Ich hoffe, das mit dem Essen am Sonntag sieht gut aus - Du kannst Dich von mir aus dort oben in der Küche richtig austoben :m 

Dann ist ja die Sache mit dem Abendessen geklärt #6 

toddy, lotte, nappi und ich kümmern uns dann um die Abendessen :g


----------



## Lotte (31. Januar 2005)

*AW: Karnevallsangeln 2005 am Lille Belt*



			
				toddy schrieb:
			
		

> Hab gerade die Hütte bei Gl. Albo Camping gebucht!
> Wir sind definitiv mit 3 pers dabei, u wenn keiner was sagt mach ich entweder frisch gefangenes Dorschfilet am So.. oder ich bringe ne vorbereitete Schaschlykpfanne mit Krautsalat mit!!
> Für Wünsche bin ich offen!
> Mfg Thorsten.



moin-moin,

|kopfkrat dorsch wollte doch schon jemand machen, oder???? hätte aber auch nichts dagegen 2 mal dorsch zu essen!!! soooo frisch bekommt man den eh viel zu selten!!! also, mir ist es egal!!!


----------



## langelandsklaus (31. Januar 2005)

*AW: Karnevallsangeln 2005 am Lille Belt*

Ich glaube Udo wollte Dorsch machen - dann könnt ihr Euch ja die Arbeit teilen - der eine fährt zum Fischhändler, der andere bereitet ihn dann zu :m 

@ Thorsten - denkt bitte an die Wathosen !


----------



## toddy (31. Januar 2005)

*AW: Karnevallsangeln 2005 am Lille Belt*

Ja Klaus Ich denke an die Wathosen!!!!!!!!!!!!!!!
Ich mach denn mal kein Dorsch , damit wir noch was für Zuhause haben!
Ich bringe Schaschlykpfanne mit!
Ich freu mich schon echt drauf!
Schreib ich auch im Namen meiner Kollegen die kein I Net haben !!
@ Klaus Dipsys werde ich wohl Sauteuer in FL bei Sennholz kaufen müssen, da mein GÜNSTIGHÄNDLER ( Pörksen an der Nordseeküste Genzgebiet zu Dänemark irgendwie Insolvent erscheint), oder kennst du noch ne schnelle u. günstige Alternative??


----------



## langelandsklaus (31. Januar 2005)

*AW: Karnevallsangeln 2005 am Lille Belt*

Wüßte ich jetzt nicht, wo Du auf die Schnelle noch Dipsy´s oder Slidediver her bekommst. Meine sind auch noch unterwegs |uhoh: 

Sonst einfach ein 20 g Blei vorschalten - Ich glaube in Flensburg gibt es noch ein Gerätehökerer |kopfkrat


----------



## angelloenne (31. Januar 2005)

*AW: Karnevallsangeln 2005 am Lille Belt*

Tobbi,kann dir 2 o. 3 Dipsys leihen,wenn du keine mehr bekommst.
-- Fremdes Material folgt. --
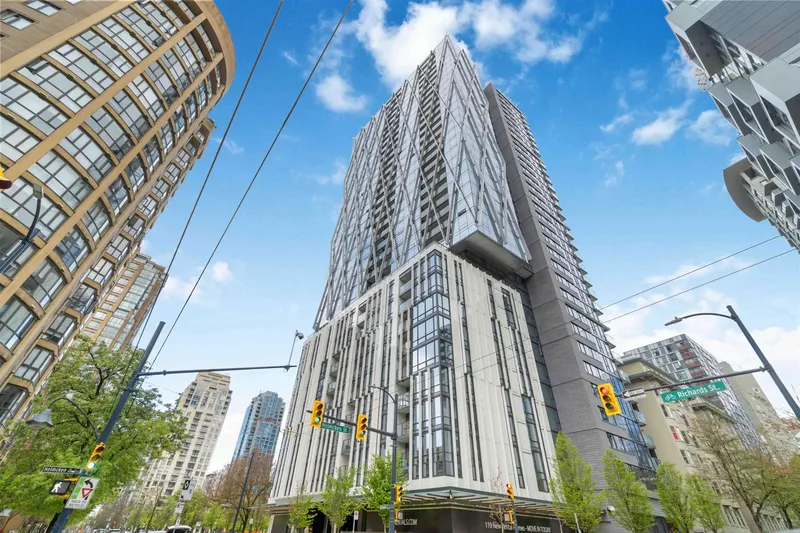 1305 1111 RICHARDS STREET - photo 3 of 25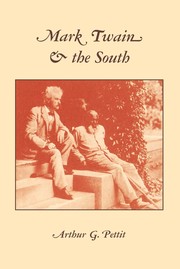 Cover of: Mark Twain & the South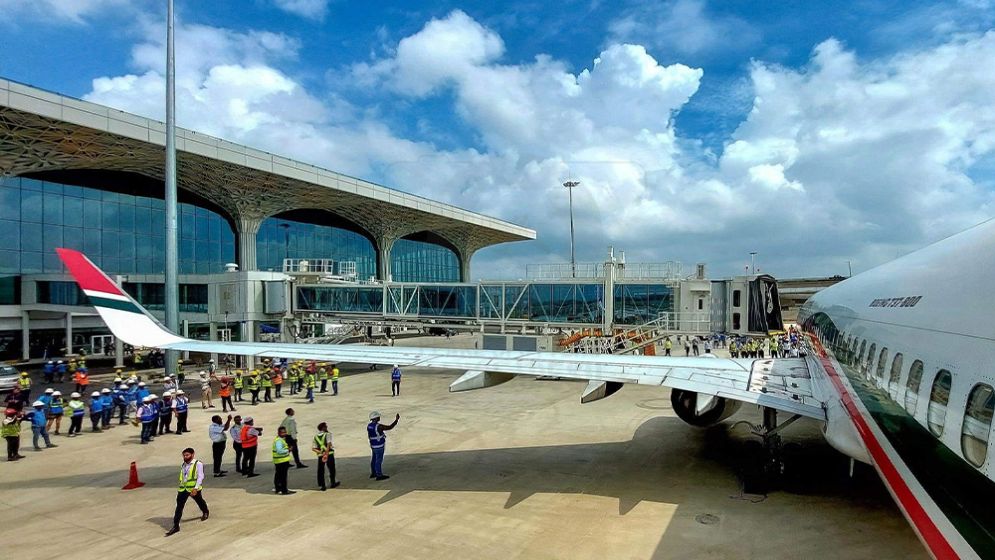 HSIA Third Terminal Cost Set to Rise by Tk902cr Despite 99.91% Completion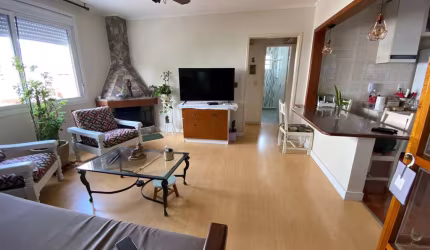 Apartamento com 2 quartos à venda na Rua La Plata, 612, Jardim Botânico, Porto Alegre por R$ 500.000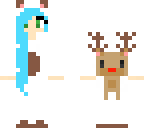 riendeer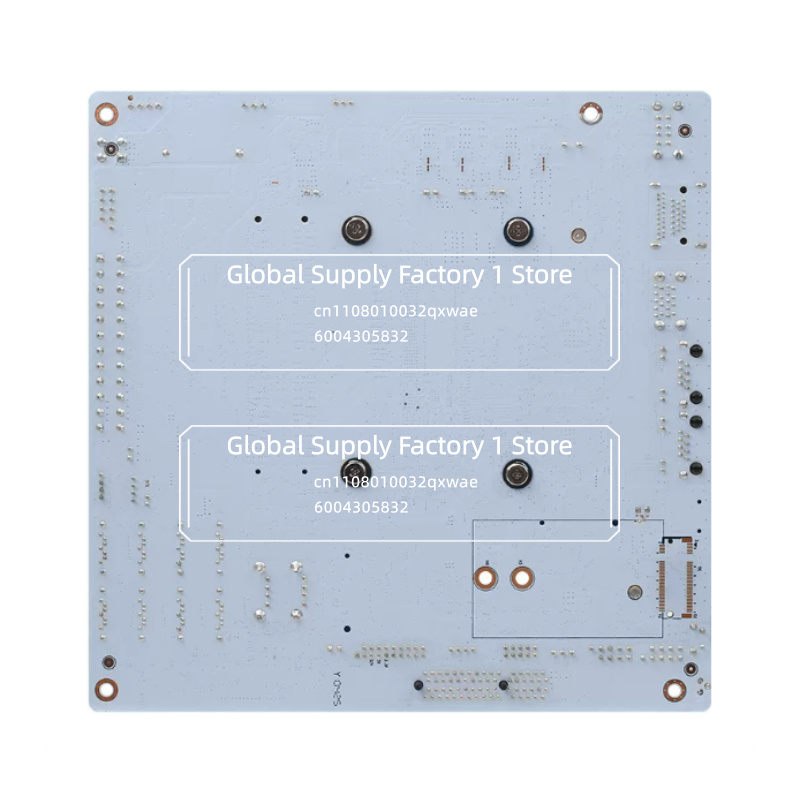 Carte mère NAS Mini ITX M11 av - Mini Itx Dual 2.5G Nas Motherboard avis et prix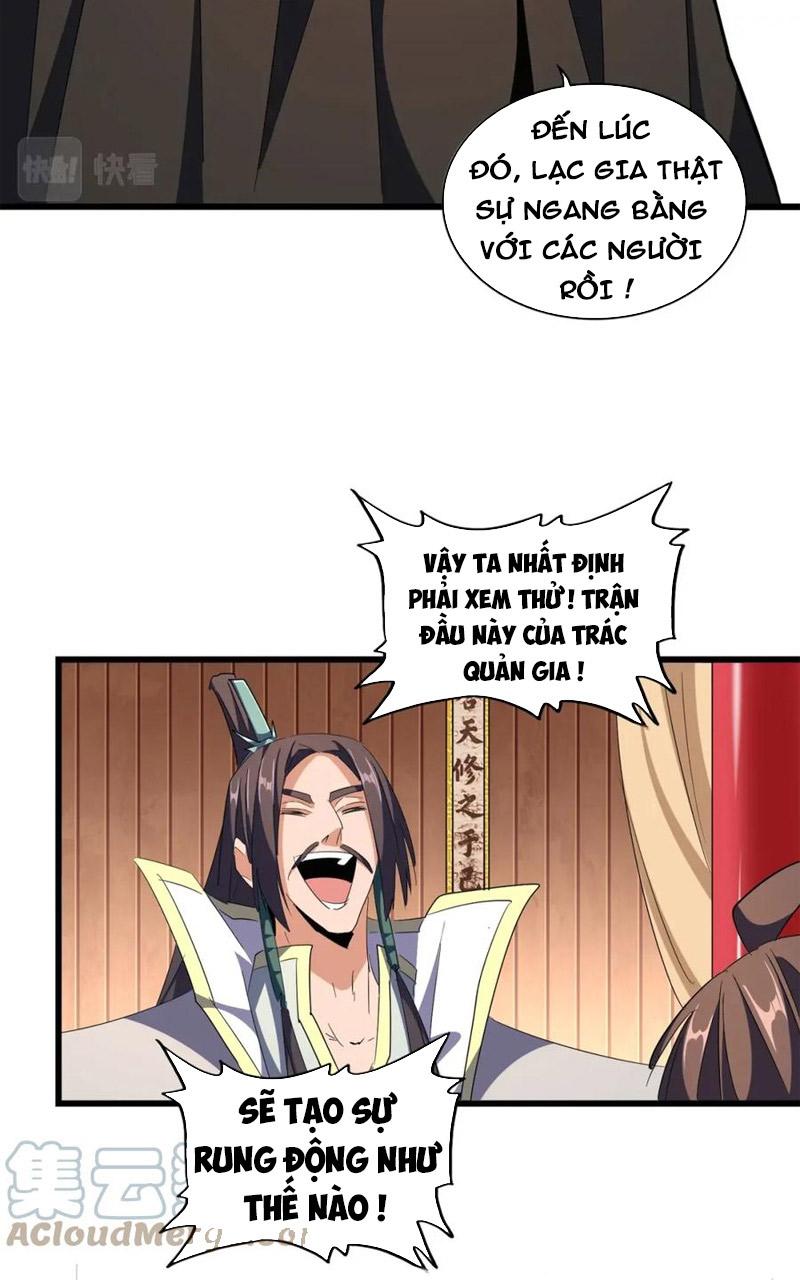 Đại Quản Gia Là Ma Hoàng Chap 301 - Next Chap 302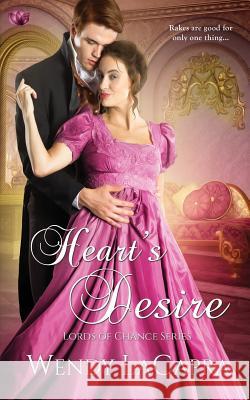 Heart's Desire Wendy LaCapra 9781097207534 Independently Published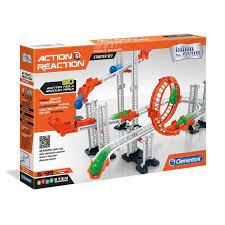 Clementonı 64953 Actıon & Reactıon Starter Set Cle-64953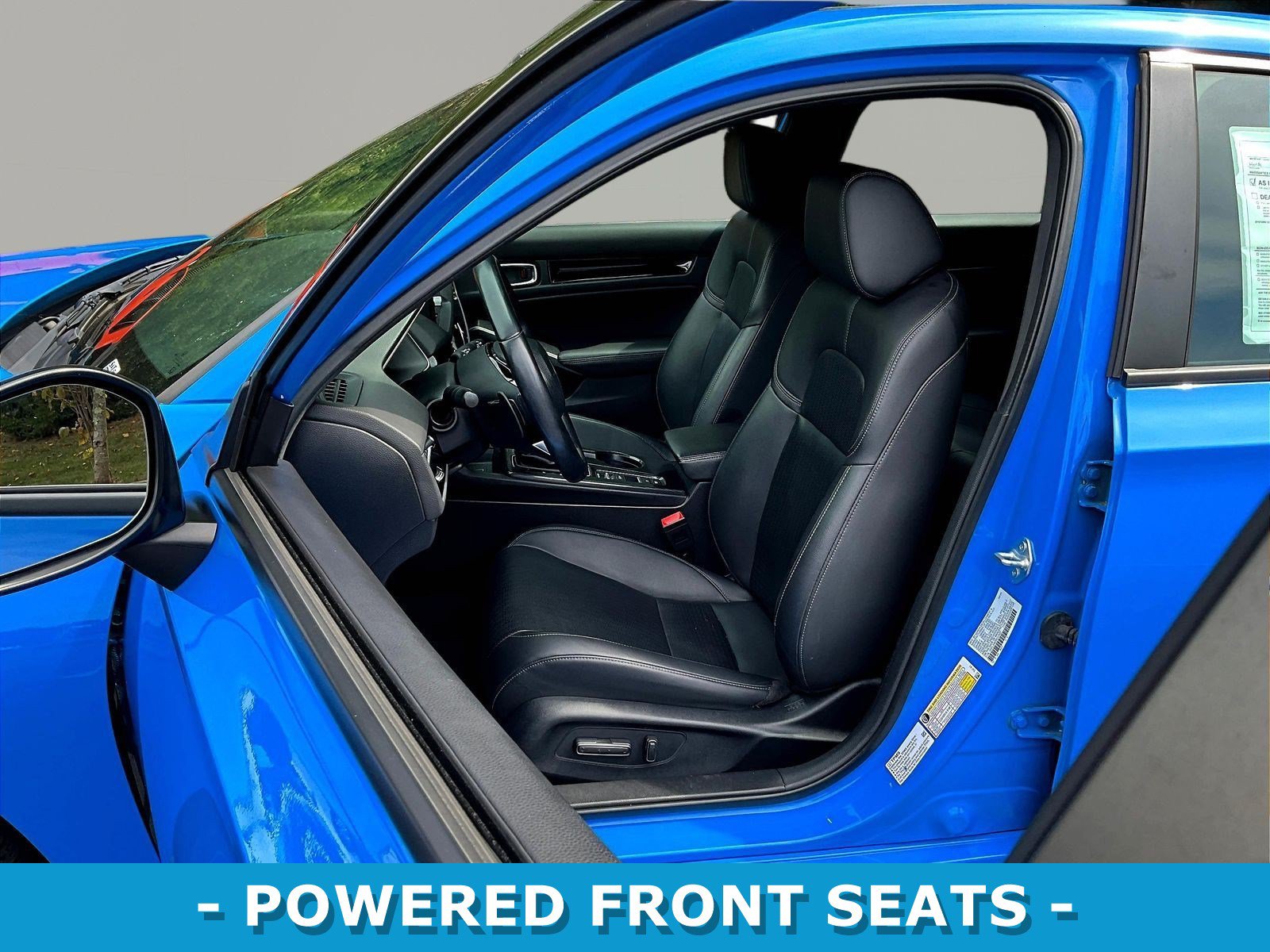 Certified 2024 Honda Civic Sport Touring image 21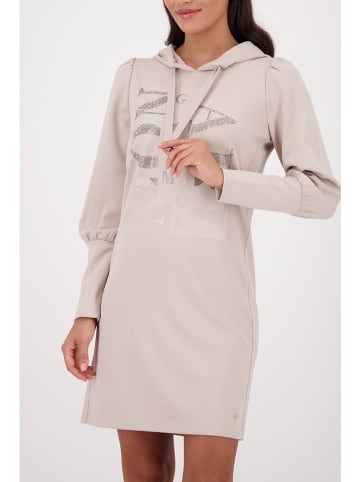 monari Sweatkleid in Creme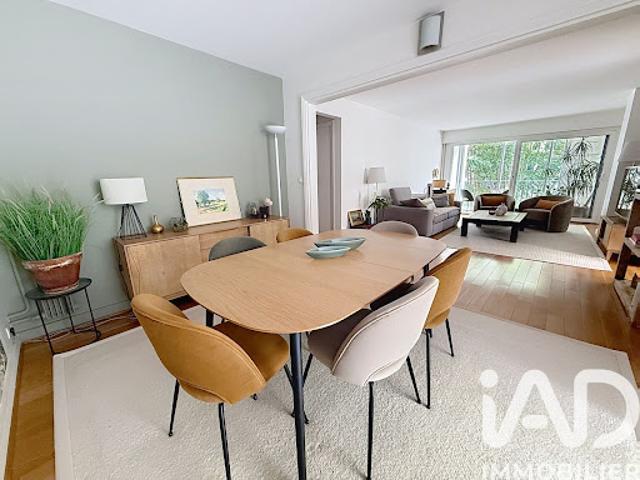 Vente Appartement 4 pièces 98 m2 Vaucresson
Quicki was machst du am PC, sie zu, das du deinen Trailer flott bekommst !  

Hoffe das bei meinen Trailer alles glatt läuft, hab den auch ne ganze Zeit nich bewegt. |kopfkrat


----------



## langelandsklaus (1. Februar 2005)

*AW: Karnevallsangeln 2005 am Lille Belt*



			
				angelloenne schrieb:
			
		

> Quicki was machst du am PC, sie zu, das du deinen Trailer flott bekommst !
> |kopfkrat


Michael, ich wollte es so nicht sagen, aber jetzt hängt der ja schon wieder vor´m AB rum :q 

So Jungs, ich hoffe es ist alles klar bei Euch. Ich war bis gerade mit den Essensvorbereitungen und dem Packen beschäftigt.

Das Wetter scheint ja auch ganz ordentlich zu werden #6  - jedenfalls vom Wind her.

Habt Ihr alle Handynummern gespeichert, die ich Euch geschickt habe ??

Die Abendessen sind jetzt klar - es müßte nur jeder etwas zum Frühstück mitbringen.

Ich sach mal bis morgen Abend. #h


----------



## Udo Mundt (1. Februar 2005)

*AW: Karnevallsangeln 2005 am Lille Belt*

So ! Renovierungsarbeiten für diese Woche abgeschlossen.
Werde morgen meine Einkäufe tätigen, bis jetzt nur meine Angelsachen gepackt und das Boot klar gemacht. Morgen noch ein wenig Sprit bunkern und dann kann das losgehen.
Wenn ich richtig gezählt habe, brauche ich für mindestens 11 Personen Kartoffelsalat bzw. Bratkartoffeln.
Hoffentlich hat der Fischdealer genügend Dorschfilée auf Lager :q  
Man sieht sich Donnerstag  #h


----------



## langelandsklaus (1. Februar 2005)

*AW: Karnevallsangeln 2005 am Lille Belt*

Hallo Udo,

sprich Dich mal mit Toddy ab, der wollte auch etwas zum Abendessen machen - aber ist ja auch egal - man kann sich ja auch mal zum Mittagessen Treffen   #6


----------



## langelandsklaus (1. Februar 2005)

*AW: Karnevallsangeln 2005 am Lille Belt*



			
				Udo Mundt schrieb:
			
		

> Morgen noch ein wenig Sprit bunkern und dann kann das losgehen.
> Wenn ich richtig gezählt habe, brauche ich für mindestens 11 Personen Kartoffelsalat bzw. Bratkartoffeln.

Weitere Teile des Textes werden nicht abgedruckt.